Work required
In the material below, the lines between the one holding "File:Faisal with Haj Amin al-Husseini.jpg" and the one holding "VOLKSWAGEN PASSAT 2017 - 1VWAT7A39HC074943", inclusive, are to be set down word for word. Pictures stay out.

Dataset excerpts
"""

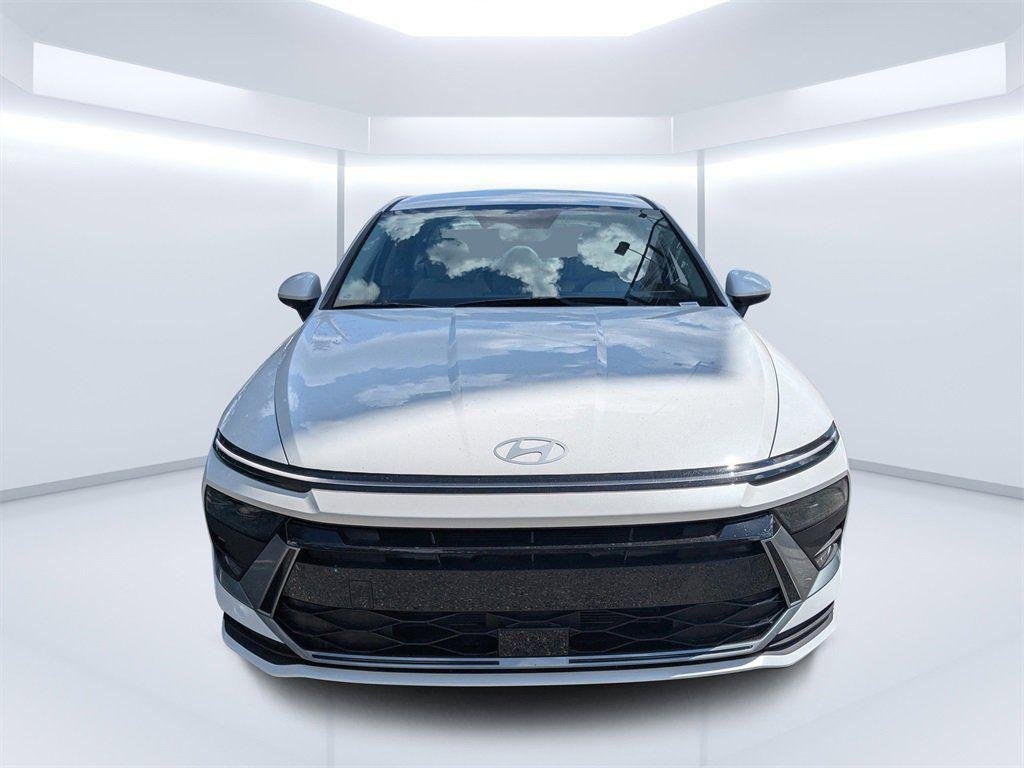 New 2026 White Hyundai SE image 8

"""
"""

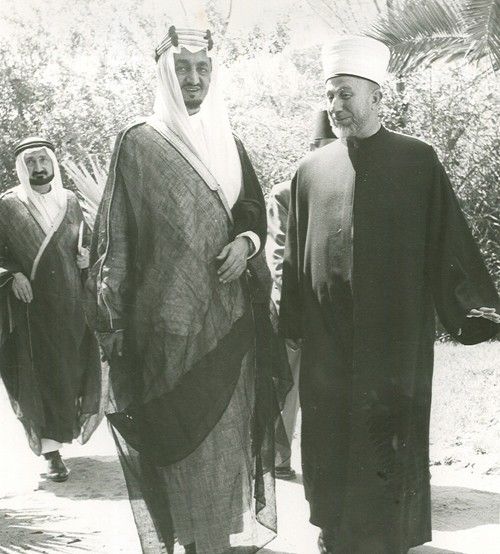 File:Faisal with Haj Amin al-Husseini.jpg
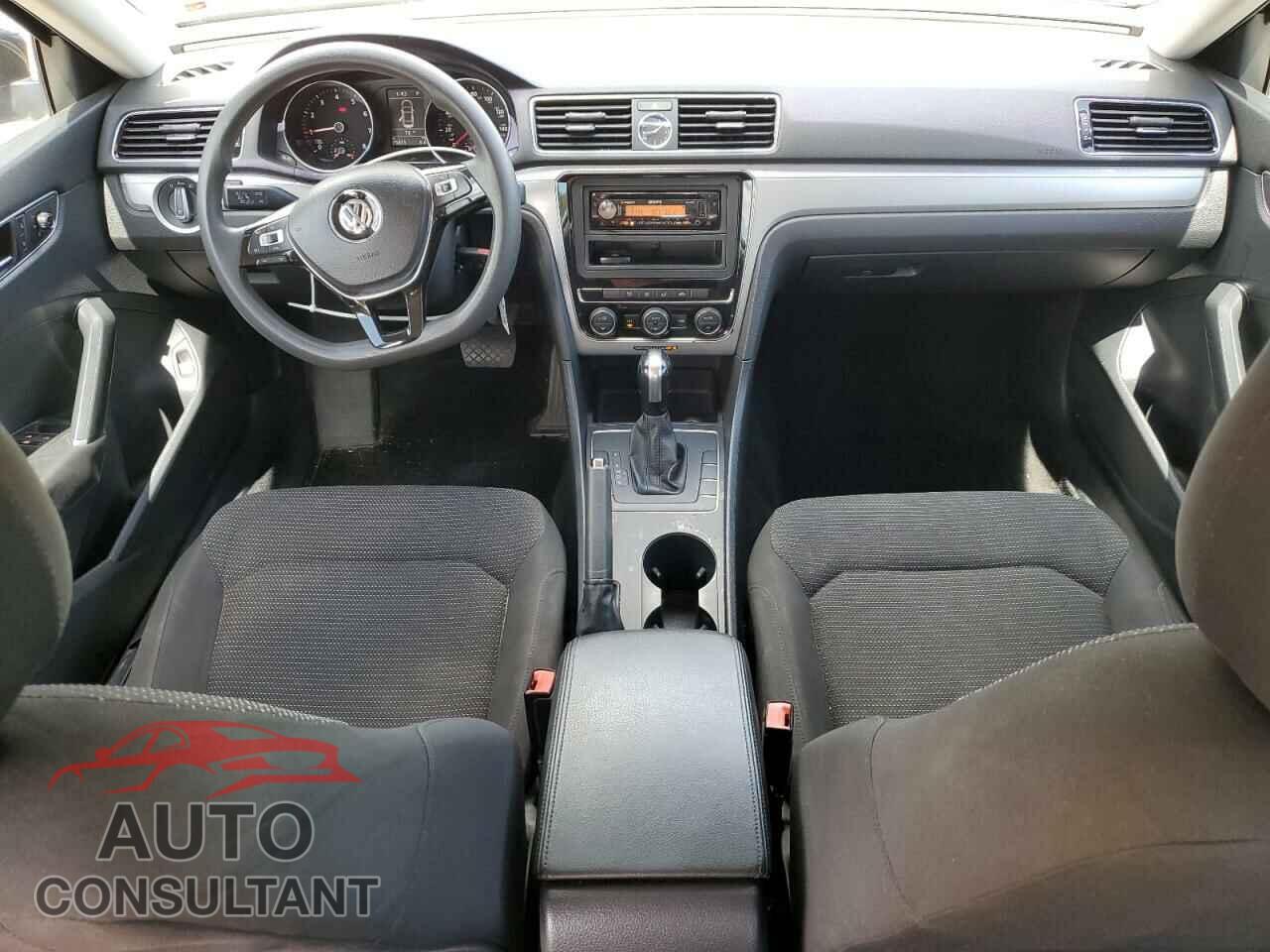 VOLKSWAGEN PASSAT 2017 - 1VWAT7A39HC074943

"""

Answer to this problem
 File:Faisal with Haj Amin al-Husseini.jpg
 VOLKSWAGEN PASSAT 2017 - 1VWAT7A39HC074943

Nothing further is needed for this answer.